Sister Thea’s father’s father was a slave who achieved a 2nd grade education. Her mother’s mother was a teacher for which the Greenville, Mississippi school she founded carries her name. Theron, her father, was a physician. Her mom, Esther, was a teacher. Sister Thea’s parents named her Bertha. Born in Yazoo, she grew up in Canton, Mississippi. She was brought up in the Methodist church but converted to Catholicism as a pre-teen, as a result of ‘evangelization through education.’ She knew quite early that she wanted to follow in the footsteps of the educators (Franciscan Sisters of Perpetual Adoration) at Holy Child Jesus School. So, at the age of fifteen, Bertha headed to St. Rose Convent, the La Crosse, Wisconsin motherhouse of the Franciscan sisters.
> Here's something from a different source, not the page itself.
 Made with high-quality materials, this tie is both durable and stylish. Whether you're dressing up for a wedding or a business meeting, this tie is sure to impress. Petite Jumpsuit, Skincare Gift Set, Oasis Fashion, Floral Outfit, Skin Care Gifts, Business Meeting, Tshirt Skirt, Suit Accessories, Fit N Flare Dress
To honor her father, Bertha took the religious name “Thea”, which means “of God”.
Sister Thea Bowman was an Educator, Evangelist, Singer, Writer, Missionary Disciple, Advocate for Cultural Awareness and Racial Harmony, and Civil Rights Advocate. She received a B.A. in English, Speech, and Drama (1965) from Viterbo College in La Crosse, Wisconsin. Sister Thea received her M.A. in English (1969) and her PH.D. in English Language, Literature, and Linguistics (1972) from Catholic University of America. She was a co-founder of the Institute for Black Catholic Studies at Xavier University, and the first African American woman to be awarded an honorary Doctorate in Religion by Boston College in Massachusetts (1989). Sister Thea Bowman was a Franciscan Sister of Perpetual Adoration (FSPA) and when she was endorsed for sainthood, Sister Thea was still recognized as the first and only African American member of her order. Sister Thea wrote one of the three Prefaces to the African American Catholic Hymnal Lead Me, Guide Me (copyright 1987). Just to reiterate her reference to Malcolm X’s words about African spiritual and cultural gifts being brought to the American continent, the back cover of the American Mass Program says, “During its first two years of use, not a single note of An American Mass Program was written down. Father Rivers had composed the melodies originally for his own inspiration and enjoyment, but later used them to develop a program of active participation in the Mass at St. Joseph’s Church, Cincinnati.” Talk about gifts to the church!
Her prayer card includes the sentence, “Her prophetic witness continues to inspire us to share the Good News with those whom we encounter; most especially the poor, oppressed…”
Sister Thea’s FSPA community instructed her, “If you get, give—if you learn, teach.”
June 1, 2018 Sister Thea Bowman was declared Servant of God.